Posted to common-user@hadoop.apache.org by Andrey Pankov <ap...@iponweb.net> on 2008/09/04 15:51:48 UTC
Compare data on HDFS side
Hello,
Does anyone know is it possible to compare data on HDFS but avoid
coping data to local box? I mean if I'd like to find difference
between local text files I can use diff command. If files are at HDFS
then I have to get them from HDFS to local box and only then do diff.
Coping files to local fs is a bit annoying and could be problematical
when files are huge, say 2-5 Gb.
Thanks in advance.
--
Andrey Pankov
Re: Compare data on HDFS side
Posted by Karl Anderson <kr...@monkey.org>.
On 4-Sep-08, at 6:51 AM, Andrey Pankov wrote:
> Hello,
>
> Does anyone know is it possible to compare data on HDFS but avoid
> coping data to local box? I mean if I'd like to find difference
> between local text files I can use diff command.
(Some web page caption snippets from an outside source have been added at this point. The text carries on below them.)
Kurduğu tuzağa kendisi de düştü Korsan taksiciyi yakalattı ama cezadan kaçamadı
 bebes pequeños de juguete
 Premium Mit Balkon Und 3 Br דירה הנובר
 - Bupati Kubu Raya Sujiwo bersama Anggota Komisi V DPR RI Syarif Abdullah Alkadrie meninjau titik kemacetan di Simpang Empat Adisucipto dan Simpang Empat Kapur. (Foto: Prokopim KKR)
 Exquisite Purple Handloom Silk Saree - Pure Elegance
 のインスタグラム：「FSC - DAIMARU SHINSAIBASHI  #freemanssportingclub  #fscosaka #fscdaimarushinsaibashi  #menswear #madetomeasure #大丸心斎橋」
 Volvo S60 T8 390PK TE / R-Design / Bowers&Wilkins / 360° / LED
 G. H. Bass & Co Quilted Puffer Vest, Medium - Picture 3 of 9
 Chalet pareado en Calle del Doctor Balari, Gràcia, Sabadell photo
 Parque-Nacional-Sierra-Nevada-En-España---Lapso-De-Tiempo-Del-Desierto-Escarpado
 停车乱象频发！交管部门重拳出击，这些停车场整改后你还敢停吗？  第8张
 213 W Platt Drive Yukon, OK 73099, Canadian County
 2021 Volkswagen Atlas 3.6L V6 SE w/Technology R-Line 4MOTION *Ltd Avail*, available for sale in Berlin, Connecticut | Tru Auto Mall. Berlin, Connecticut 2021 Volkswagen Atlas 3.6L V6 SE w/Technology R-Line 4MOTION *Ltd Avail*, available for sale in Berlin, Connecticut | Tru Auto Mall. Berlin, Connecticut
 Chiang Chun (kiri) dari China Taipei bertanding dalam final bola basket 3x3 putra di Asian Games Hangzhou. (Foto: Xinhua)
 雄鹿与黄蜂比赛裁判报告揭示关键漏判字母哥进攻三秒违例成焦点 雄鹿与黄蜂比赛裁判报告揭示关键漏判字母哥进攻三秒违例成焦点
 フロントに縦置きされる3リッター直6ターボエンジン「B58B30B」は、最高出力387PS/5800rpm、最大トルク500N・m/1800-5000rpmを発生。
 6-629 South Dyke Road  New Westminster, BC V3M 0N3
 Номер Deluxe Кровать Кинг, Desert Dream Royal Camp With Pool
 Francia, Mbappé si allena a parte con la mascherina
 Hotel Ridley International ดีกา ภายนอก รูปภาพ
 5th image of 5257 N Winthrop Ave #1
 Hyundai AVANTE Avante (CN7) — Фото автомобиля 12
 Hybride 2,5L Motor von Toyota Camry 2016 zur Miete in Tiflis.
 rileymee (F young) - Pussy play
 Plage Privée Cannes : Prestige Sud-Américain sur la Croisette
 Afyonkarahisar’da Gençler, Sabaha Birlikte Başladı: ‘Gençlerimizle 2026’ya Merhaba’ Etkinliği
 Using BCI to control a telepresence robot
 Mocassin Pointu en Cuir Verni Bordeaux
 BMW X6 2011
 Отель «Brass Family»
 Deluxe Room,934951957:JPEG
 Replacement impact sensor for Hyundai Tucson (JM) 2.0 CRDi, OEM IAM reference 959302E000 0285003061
If files are at HDFS
> then I have to get them from HDFS to local box and only then do diff.
> Coping files to local fs is a bit annoying and could be problematical
> when files are huge, say 2-5 Gb.
You could always do this as a mapreduce task. "diff --brief" is
trivial, actually finding the diffs is left as an exercise for the
reader :) I'm currently doing a line-oriented diff of two files where
the order of the lines is unimportant, so I just have my reducer flag
lines that show up an odd number of times.
Karl Anderson
kra@monkey.org
http://monkey.org/~kra